ABOUT THIS EXERCISE: From the line that includes "WW | V-Ausschnitt Kurzarm Flared Midi Kleid" to the last line of the data, quote each line precisely; both boundary lines belong in the answer.

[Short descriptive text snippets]
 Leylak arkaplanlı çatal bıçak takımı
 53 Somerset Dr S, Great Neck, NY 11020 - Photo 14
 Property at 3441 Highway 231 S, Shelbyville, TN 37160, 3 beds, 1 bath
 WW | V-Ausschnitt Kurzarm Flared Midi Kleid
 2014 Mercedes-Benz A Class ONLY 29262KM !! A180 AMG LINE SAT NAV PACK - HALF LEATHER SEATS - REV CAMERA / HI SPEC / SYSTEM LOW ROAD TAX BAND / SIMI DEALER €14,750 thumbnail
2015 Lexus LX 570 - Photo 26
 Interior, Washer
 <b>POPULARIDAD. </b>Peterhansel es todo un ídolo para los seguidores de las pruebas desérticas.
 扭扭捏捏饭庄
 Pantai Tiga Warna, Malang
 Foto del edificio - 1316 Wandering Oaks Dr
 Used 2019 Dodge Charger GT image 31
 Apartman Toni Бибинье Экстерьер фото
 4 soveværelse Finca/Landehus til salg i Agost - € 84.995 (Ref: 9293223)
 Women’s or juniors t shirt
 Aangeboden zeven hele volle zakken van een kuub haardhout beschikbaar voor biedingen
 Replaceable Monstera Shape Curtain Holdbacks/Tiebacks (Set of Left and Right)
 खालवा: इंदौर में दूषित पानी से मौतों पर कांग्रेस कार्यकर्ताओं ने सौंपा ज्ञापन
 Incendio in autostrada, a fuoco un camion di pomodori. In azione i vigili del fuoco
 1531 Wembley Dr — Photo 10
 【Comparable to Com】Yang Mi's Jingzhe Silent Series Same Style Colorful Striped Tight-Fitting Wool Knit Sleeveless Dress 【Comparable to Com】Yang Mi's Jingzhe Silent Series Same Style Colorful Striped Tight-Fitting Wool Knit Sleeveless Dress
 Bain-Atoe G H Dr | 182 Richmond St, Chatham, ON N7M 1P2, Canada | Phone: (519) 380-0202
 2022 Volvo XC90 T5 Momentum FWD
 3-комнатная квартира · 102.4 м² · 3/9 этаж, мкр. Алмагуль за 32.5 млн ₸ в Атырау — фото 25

EXERCISE RESPONSE:
 WW | V-Ausschnitt Kurzarm Flared Midi Kleid
 2014 Mercedes-Benz A Class ONLY 29262KM !! A180 AMG LINE SAT NAV PACK - HALF LEATHER SEATS - REV CAMERA / HI SPEC / SYSTEM LOW ROAD TAX BAND / SIMI DEALER €14,750 thumbnail
2015 Lexus LX 570 - Photo 26
 Interior, Washer
 <b>POPULARIDAD. </b>Peterhansel es todo un ídolo para los seguidores de las pruebas desérticas.
 扭扭捏捏饭庄
 Pantai Tiga Warna, Malang
 Foto del edificio - 1316 Wandering Oaks Dr
 Used 2019 Dodge Charger GT image 31
 Apartman Toni Бибинье Экстерьер фото
 4 soveværelse Finca/Landehus til salg i Agost - € 84.995 (Ref: 9293223)
 Women’s or juniors t shirt
 Aangeboden zeven hele volle zakken van een kuub haardhout beschikbaar voor biedingen
 Replaceable Monstera Shape Curtain Holdbacks/Tiebacks (Set of Left and Right)
 खालवा: इंदौर में दूषित पानी से मौतों पर कांग्रेस कार्यकर्ताओं ने सौंपा ज्ञापन
 Incendio in autostrada, a fuoco un camion di pomodori. In azione i vigili del fuoco
 1531 Wembley Dr — Photo 10
 【Comparable to Com】Yang Mi's Jingzhe Silent Series Same Style Colorful Striped Tight-Fitting Wool Knit Sleeveless Dress 【Comparable to Com】Yang Mi's Jingzhe Silent Series Same Style Colorful Striped Tight-Fitting Wool Knit Sleeveless Dress
 Bain-Atoe G H Dr | 182 Richmond St, Chatham, ON N7M 1P2, Canada | Phone: (519) 380-0202
 2022 Volvo XC90 T5 Momentum FWD
 3-комнатная квартира · 102.4 м² · 3/9 этаж, мкр. Алмагуль за 32.5 млн ₸ в Атырау — фото 25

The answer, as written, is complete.